Collected data:
━━━━━━━━━━━━━━━━

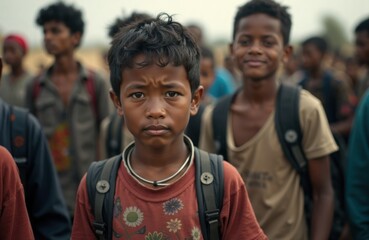 Fototapeta premium Displaced children in transit. Group of young people walking. They are carrying backpacks. Their expressions show struggle, hardship. Forced migration is evident. Uncertain future. Difficult journey.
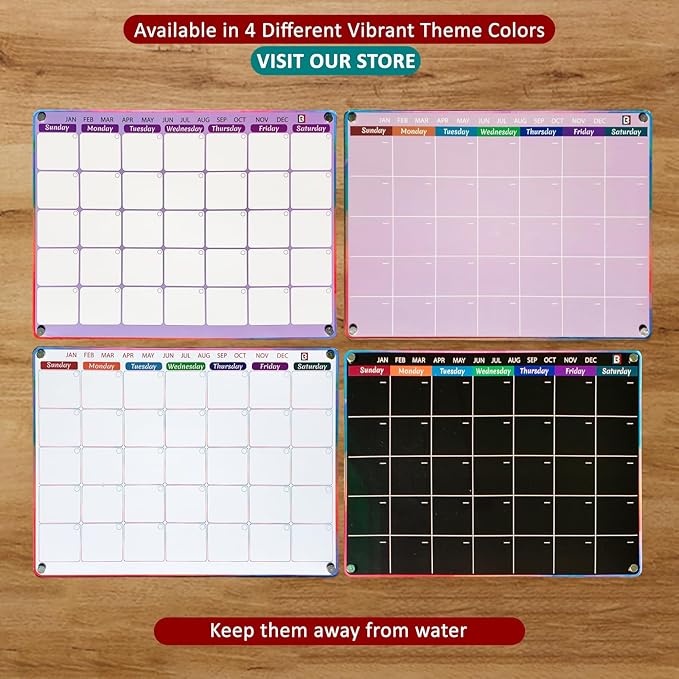 Pink Fridge Calendar - Acrylic calendar for fridge - 2 PCS Magnetic calendar for refrigerator | Monthly Planner, Weekly Planner with Removable template - 6 Dual Tip Vibrant Chalk Markers.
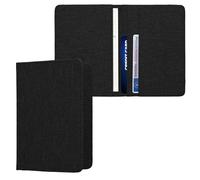 kwmobile Porte permis de conduire carte grise avec compartiments cartes passeport - Étui portefeuille de protection en tissu textile noir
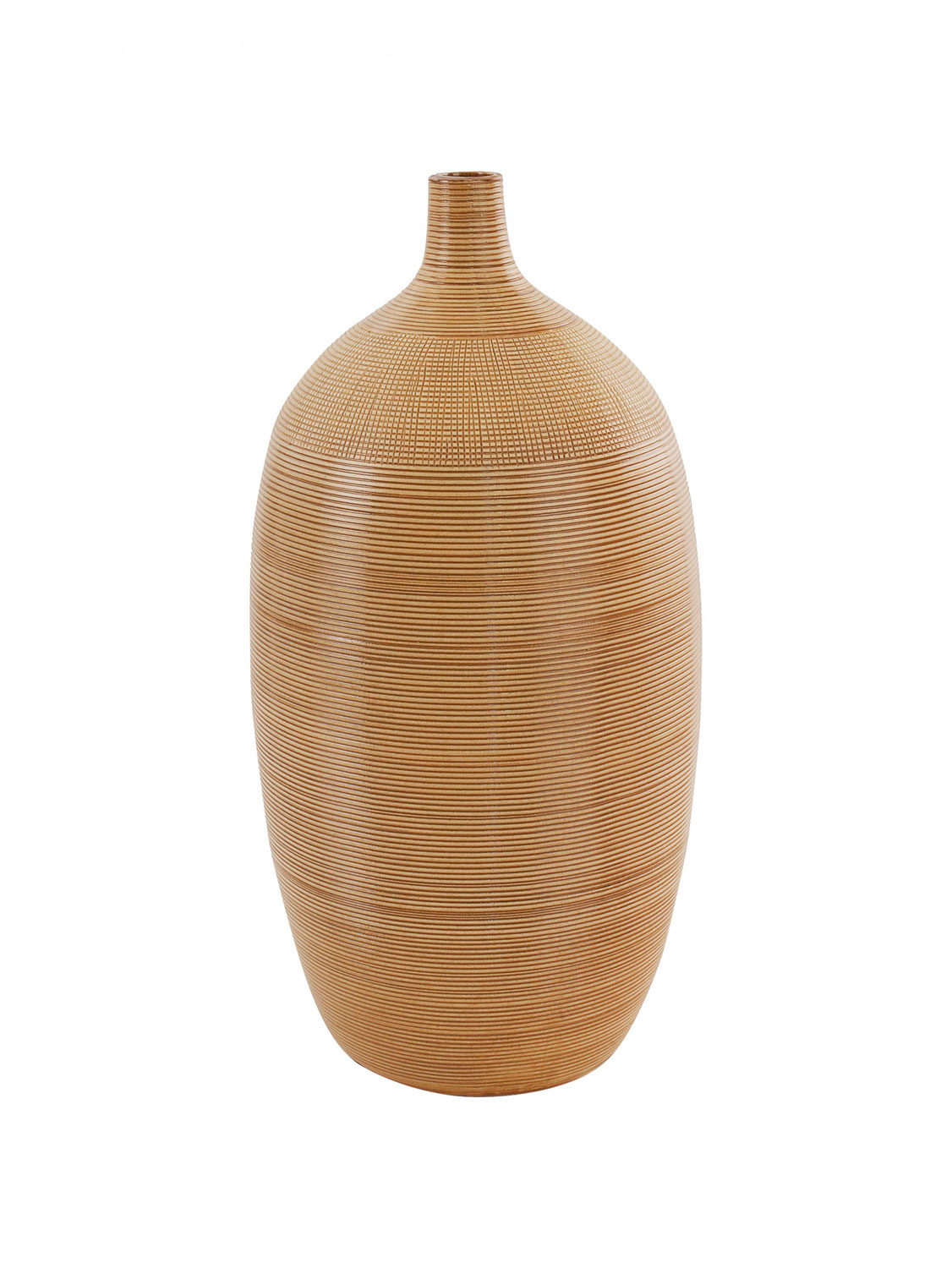 Brushed gold ceramic vase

━━━━━━━━━━━━━━━━

Task brief:
In your copy of the data above, leave out the pictures and repeat everything else exactly.

Output:
 Fototapeta premium Displaced children in transit. Group of young people walking. They are carrying backpacks. Their expressions show struggle, hardship. Forced migration is evident. Uncertain future. Difficult journey.
 Pink Fridge Calendar - Acrylic calendar for fridge - 2 PCS Magnetic calendar for refrigerator | Monthly Planner, Weekly Planner with Removable template - 6 Dual Tip Vibrant Chalk Markers.
 kwmobile Porte permis de conduire carte grise avec compartiments cartes passeport - Étui portefeuille de protection en tissu textile noir
 Brushed gold ceramic vase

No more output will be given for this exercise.